**Task material**
____________

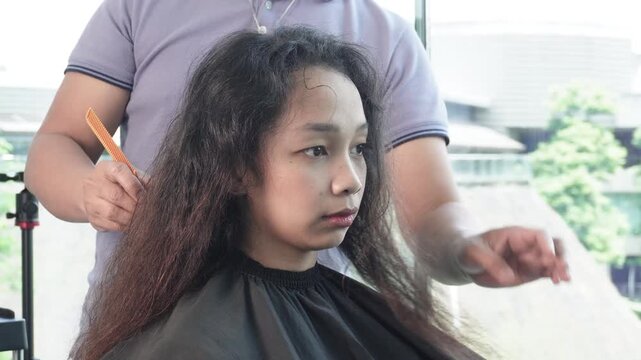 Hair stylist sectioning and combing hair with tail comb before hair coloring treatment in salon for Southeast Asian woman in her early 20s
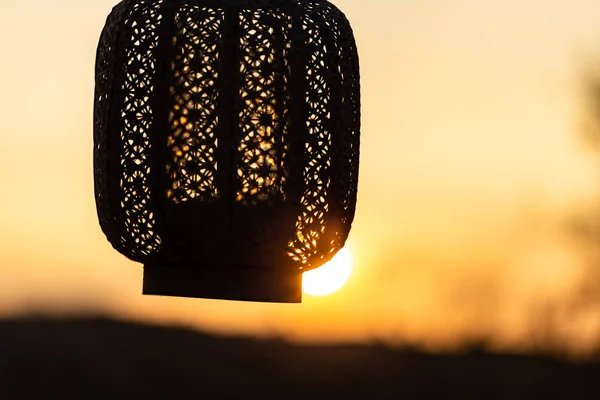 hand holding oriental lantern with candle while sunset. Sun is shining through the lamp.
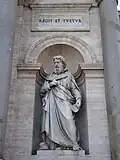 Statue de Saint Alexandre dans une niche en cul de four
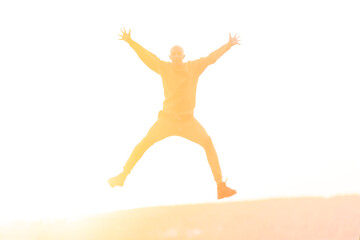 Young athletic man jumping high during sunset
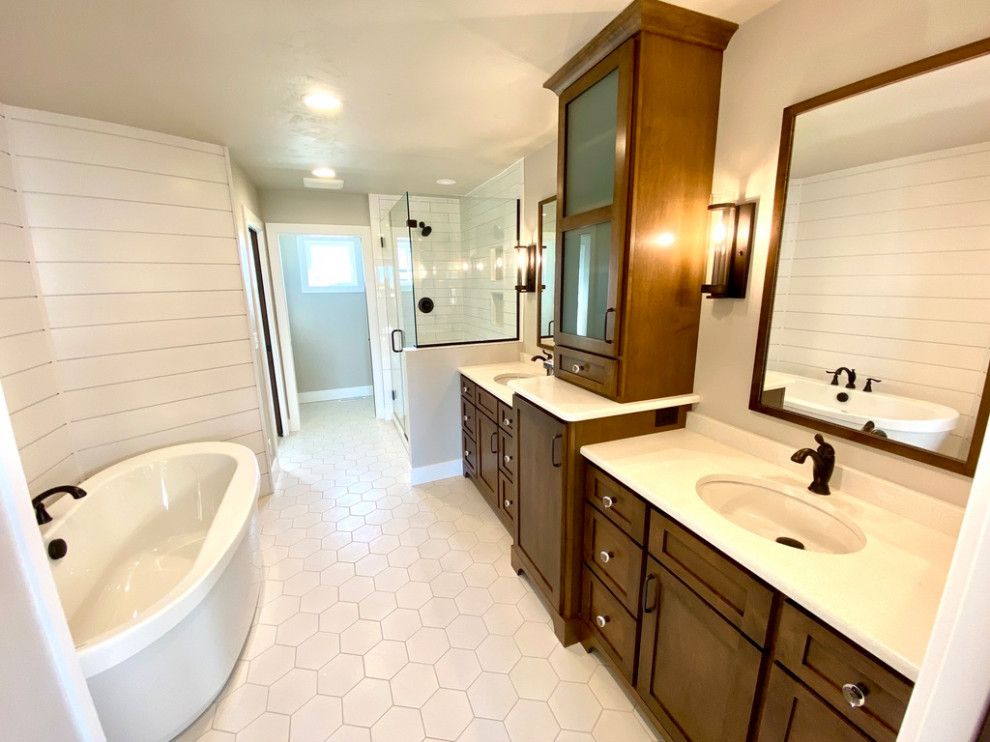 Photo of a large country master bathroom in Other with white cabinets, a freestanding tub, a corner shower, a two-piece toilet, grey walls, cement tiles, an integrated sink, engineered quartz benchtops, white floor, a hinged shower door, white benchtops, a double vanity, a built-in vanity and planked wall panelling.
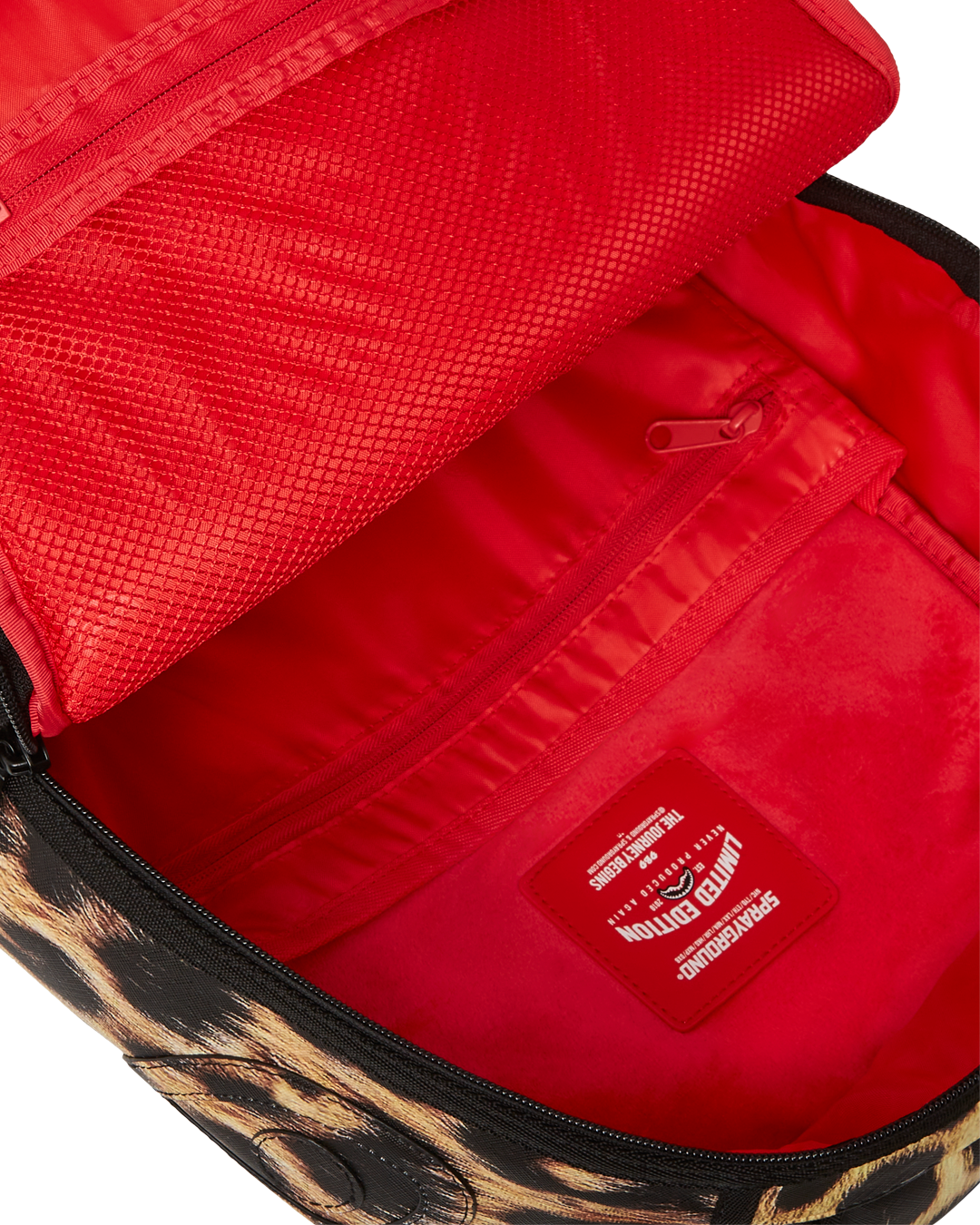 Side view of the backpack with side pockets and ergonomic mesh back padding for comfort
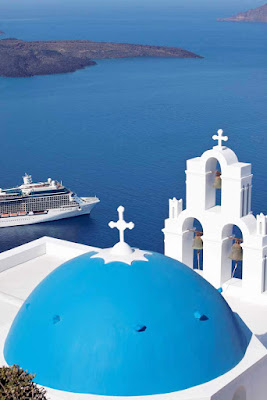 Celebrity Solstice will travel through the deep blue waters around the Greek Island of Santorini.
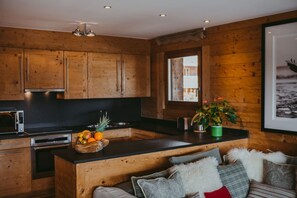 A modern kitchen with wooden cabinetry, a central island with a fruit bowl, and a cozy seating area with a sofa and cushions. - Luxury Ski Apartment Valentine in Verbier, Switzerland LVRB-4 (Verbier)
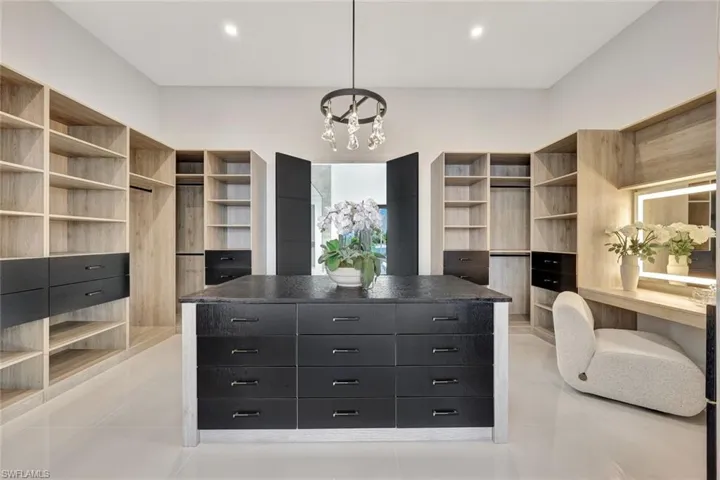 Walk in closet featuring light tile patterned floors
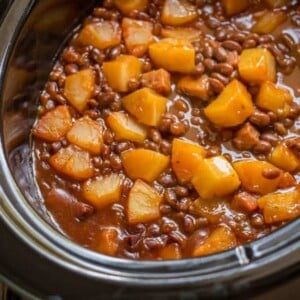 baked beans with chunks of pineapple on top in slow cooker.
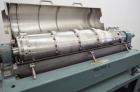 Used Alfa Laval UVNX-418 (2 or 3 phase) Solid Bowl Decanter Centrifuge. 316 Stainless steel (product contact areas). single lead conveyor, single row of lined cake discharge ports,  cake discharge ca...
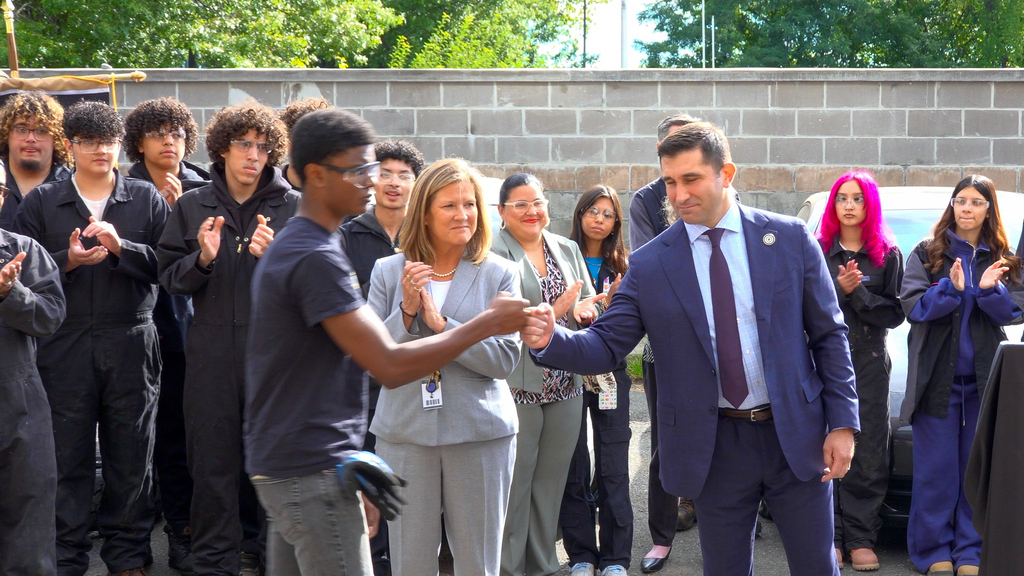 Fist bump with District Attorney and Dean Senior.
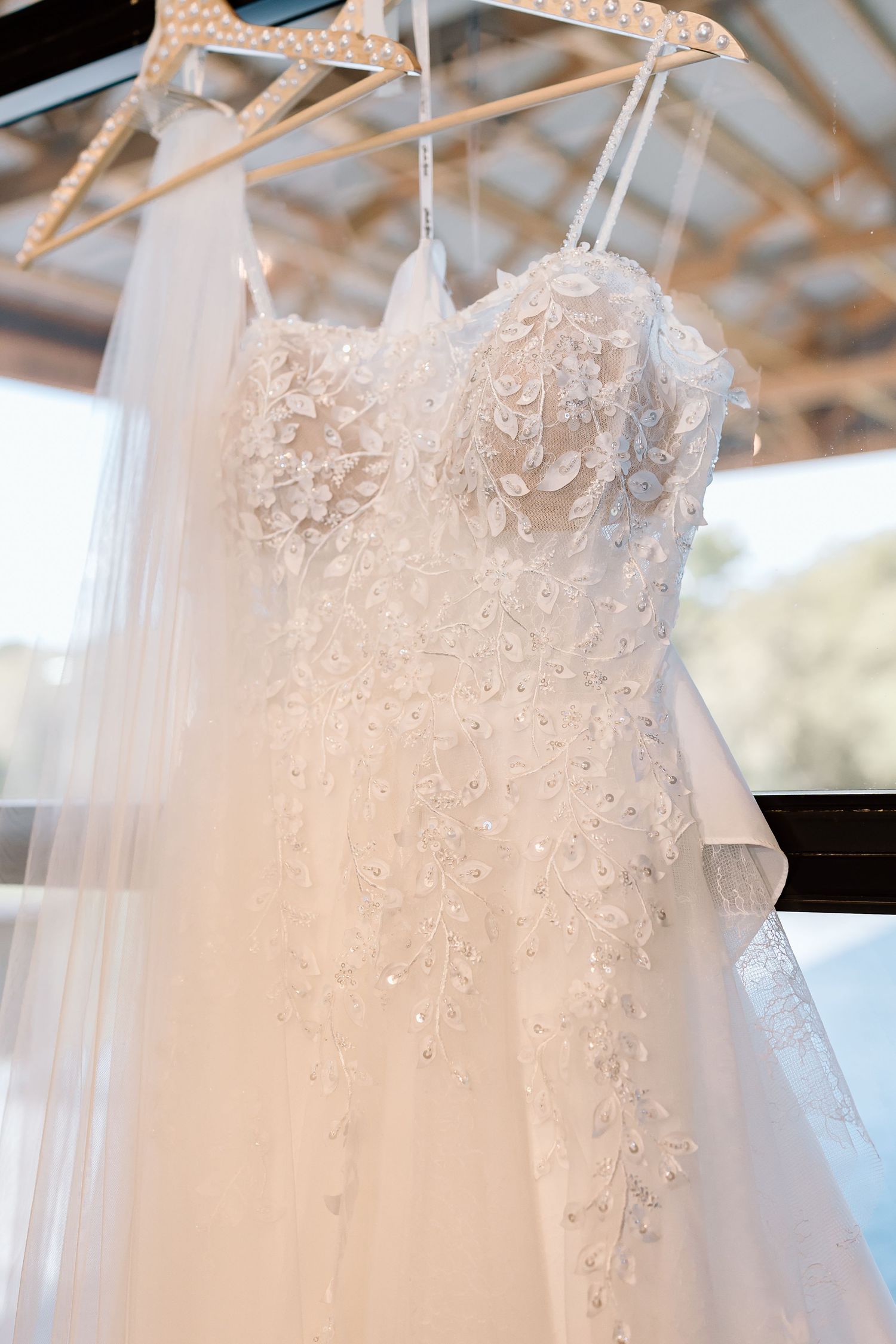 Close-up view of delicate white lace and beading details on a wedding dress hanging from a hanger.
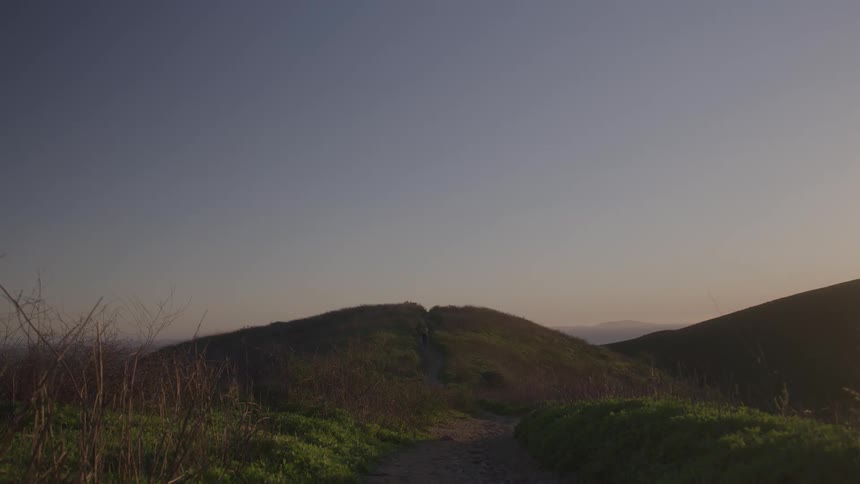 A path up a grassy knoll at dusk
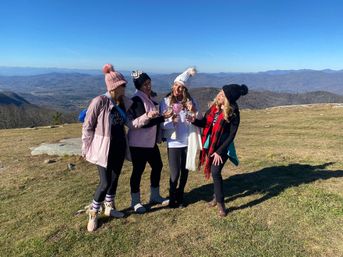 Four friends in winter beanies and jackets toasting with glasses on a grassy mountain overlook, scenic blue ridges and clear sky stretching behind them.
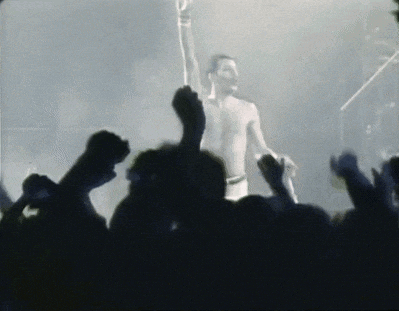 a man is singing into a microphone in front of a crowd .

____________

Without the pictures, retype the whole of the material above exactly.

 Hair stylist sectioning and combing hair with tail comb before hair coloring treatment in salon for Southeast Asian woman in her early 20s
 hand holding oriental lantern with candle while sunset. Sun is shining through the lamp.
 Statue de Saint Alexandre dans une niche en cul de four
 Young athletic man jumping high during sunset
 Photo of a large country master bathroom in Other with white cabinets, a freestanding tub, a corner shower, a two-piece toilet, grey walls, cement tiles, an integrated sink, engineered quartz benchtops, white floor, a hinged shower door, white benchtops, a double vanity, a built-in vanity and planked wall panelling.
 Side view of the backpack with side pockets and ergonomic mesh back padding for comfort
 Celebrity Solstice will travel through the deep blue waters around the Greek Island of Santorini.
 A modern kitchen with wooden cabinetry, a central island with a fruit bowl, and a cozy seating area with a sofa and cushions. - Luxury Ski Apartment Valentine in Verbier, Switzerland LVRB-4 (Verbier)
 Walk in closet featuring light tile patterned floors
 baked beans with chunks of pineapple on top in slow cooker.
 Used Alfa Laval UVNX-418 (2 or 3 phase) Solid Bowl Decanter Centrifuge. 316 Stainless steel (product contact areas). single lead conveyor, single row of lined cake discharge ports,  cake discharge ca...
 Fist bump with District Attorney and Dean Senior.
 Close-up view of delicate white lace and beading details on a wedding dress hanging from a hanger.
 A path up a grassy knoll at dusk
 Four friends in winter beanies and jackets toasting with glasses on a grassy mountain overlook, scenic blue ridges and clear sky stretching behind them.
 a man is singing into a microphone in front of a crowd .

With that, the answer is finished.